DP's first slogan (1889-1914) had characteristic Texas boldness: The King of Beverages!
For the next two decades, the brand promoted itself as a digestive aid and an energy drink. When new research showed that sugar gave humans a little jolt of energy, Dr Pepper minted a new slogan: "Drink a Bite to Eat at 10, 2, and 4 o'clock."
The feelings of prosperity and freedom in the post-WWII era ushered in a more pithy slogan, still staked to the sugar in the drink The 1950s ads called it the "Friendly Pepper Upper" and a new character appeared on the scene for the television age: Frosty Dog, whose beatnik catch phrase was, "Frosty, man. Frosty." A little subversive and different, while brands like Coca Cola were making appeals to the mainstream.
By the turbulent 1960s, Dr Pepper fully embraced being different. Its new slogan was "America's Most Misunderstood Soft Drink." This reflected public confusion about the beverage. People wondered - if it's not a cola, what in the hell is it? The folks at Dr.
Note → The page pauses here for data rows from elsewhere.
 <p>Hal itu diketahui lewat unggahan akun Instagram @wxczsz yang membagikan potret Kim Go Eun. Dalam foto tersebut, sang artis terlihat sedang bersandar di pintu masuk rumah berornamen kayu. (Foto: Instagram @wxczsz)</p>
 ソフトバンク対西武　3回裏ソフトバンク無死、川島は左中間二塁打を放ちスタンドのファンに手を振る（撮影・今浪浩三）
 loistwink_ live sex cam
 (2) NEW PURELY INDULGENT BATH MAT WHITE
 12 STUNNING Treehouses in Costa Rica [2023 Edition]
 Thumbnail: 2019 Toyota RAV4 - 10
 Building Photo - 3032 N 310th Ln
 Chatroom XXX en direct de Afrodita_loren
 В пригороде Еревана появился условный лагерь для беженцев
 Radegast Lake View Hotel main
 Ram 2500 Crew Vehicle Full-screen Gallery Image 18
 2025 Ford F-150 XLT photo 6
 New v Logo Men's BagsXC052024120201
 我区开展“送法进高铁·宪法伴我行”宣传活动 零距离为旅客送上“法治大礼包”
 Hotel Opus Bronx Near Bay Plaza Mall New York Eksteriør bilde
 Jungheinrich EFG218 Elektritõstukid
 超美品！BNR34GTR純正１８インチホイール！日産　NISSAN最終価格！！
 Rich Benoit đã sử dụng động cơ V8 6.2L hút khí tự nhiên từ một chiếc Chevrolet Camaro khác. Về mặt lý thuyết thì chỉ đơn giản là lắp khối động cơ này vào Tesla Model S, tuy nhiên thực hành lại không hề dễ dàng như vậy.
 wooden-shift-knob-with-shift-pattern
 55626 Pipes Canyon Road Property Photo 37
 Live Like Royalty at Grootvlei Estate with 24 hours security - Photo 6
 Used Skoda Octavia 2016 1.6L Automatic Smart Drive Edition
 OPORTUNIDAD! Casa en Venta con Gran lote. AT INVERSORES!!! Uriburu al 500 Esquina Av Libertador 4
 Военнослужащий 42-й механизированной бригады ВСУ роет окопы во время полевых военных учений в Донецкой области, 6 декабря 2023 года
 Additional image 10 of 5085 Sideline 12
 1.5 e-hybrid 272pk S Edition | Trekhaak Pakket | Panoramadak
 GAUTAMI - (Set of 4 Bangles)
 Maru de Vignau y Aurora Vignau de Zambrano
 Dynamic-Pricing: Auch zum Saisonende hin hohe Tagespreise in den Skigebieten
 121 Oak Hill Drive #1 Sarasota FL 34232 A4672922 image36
Pepper crafted a jingle to address these concerns. "It's not a cola, it's not a root beer" went the lyrics. Dr Pepper was and is very much its own thing.
Mind you, this was the same decade in which the soft drink once marketed as "frosty, man" advised the public to serve it hot with lemon slices in the winter. This new serving suggestion made it a drink for all seasons. You may know people who still drink it this way when a norther blows in.
In the early 1970s, Dr Pepper stood firm on its uniqueness with the slogan "The Most Original Soft Drink Ever." Later in the decade, disco was in and the Texas drink chimed in with its most famous jingle, encouraging Americans to be as unique as a DP:
I'm a Pepper! He's a Pepper!
She's a Pepper! We're a Pepper!
Wouldn't you like to be a Pepper, too?
Be a Pepper.
Drink Dr Pepper.
This supremely singable jingle was so successful, it caused Coca Cola to sit up and take notice. Coke created a new product that tried to mimic the flavors of Dr Pepper. They called it "Peppo" and test marketed it on Dr Pepper's home turf: Waco, Temple, and Columbus. Dr Pepper wasn't having it. They sued over the name and won. So Coke rebranded Peppo as Mr. PIBB and poured millions into trying to squeeze Dr Pepper out of the market niche it had carves out for itself. PIBB failed.
As the Cola Wars raged in the 1980s, Dr Pepper stayed above the fray, reminding Americans that it was "Out of the Ordinary," implying, perhaps. that Coke and Pepsi were just two sides of the same sugar water cola coin.
Since the 1980s, the Texas original has made its way to other continents where ad campaigns invariably have tried to convey to consumers that the only way to understand what Dr Pepper tastes like is to drink one. It's a weird drink and that's precisely why we love it.